View Article: PubMed Central - PubMed

ABSTRACT

In the last few decades, there has been an increase in community-based participatory research being conducted within the United States. Recent research has demonstrated that working with local community organizations, interest groups, and individuals can assist in the creation of, and sustainability in, health initiatives, adoption of emergency protocols, and potentially improve health outcomes for at-risk populations. However little research has assessed if communal concerns over environmental contaminants would be confirmed through environmental research. This cross-sectional study collected survey data and performed surface water analysis for heavy metals in a small neighborhood in Houston, TX, which is characterized by industrial sites, unimproved infrastructure, nuisance flooding, and poor air quality. Surveys were completed with 109 residents of the Manchester neighborhood. Water samples were taken from thirty zones within the neighborhood and assessed for arsenic (As), barium (Ba), cadmium (Cd), chromium (Cr), lead (Pb), selenium (Se), silver (Ag), and mercury (Hg).

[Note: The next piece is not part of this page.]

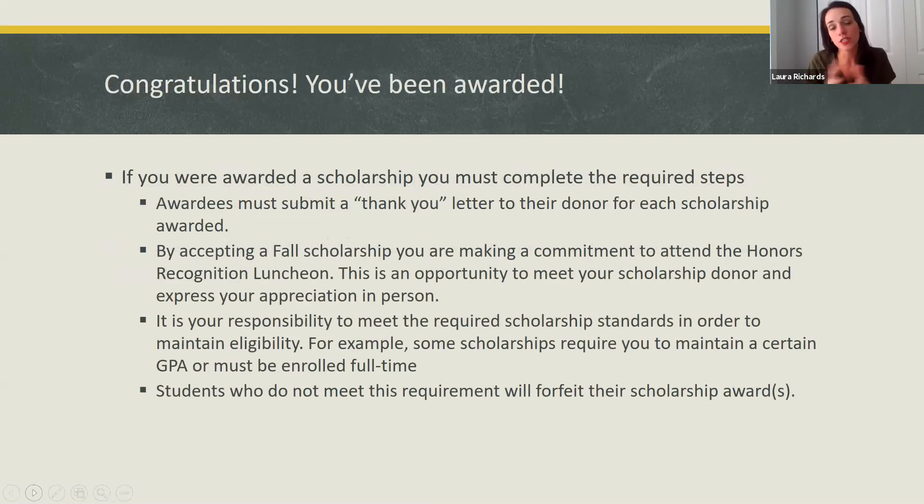Congratulations, you've been awarded. After you've been awarded a scholarship, you're going to get an email notification saying that you've been awarded and how much money. We ask you to do a couple of things to get that money. One is that you write a thank you letter for each scholarship that you're awarded, because there are different donors for each scholarship. By accepting the fall scholarship, we ask you to attend the honors recognition luncheon where you have an opportunity to meet your donor in person.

Survey results showed that the vast majority of all respondents were concerned over proximity to industry and waste facilities, as well as exposure to standing surface water. Barium was discovered in every sample and many of the zones showed alarming levels of certain metals. For example, one zone, two blocks from a public park, showed levels of arsenic at 180 (μg/L), barium at 3296 (μg/L), chromium at 363 (μg/L), lead at 1448 (μg/L), and mercury at 10 (μg/L). These findings support the hypothesis that neighborhood members are aware of the issues affecting their community and can offer researchers valuable assistance in every stage of study design and execution.

No MeSH data available.


Water sampling locations within Thiessen polygon zones.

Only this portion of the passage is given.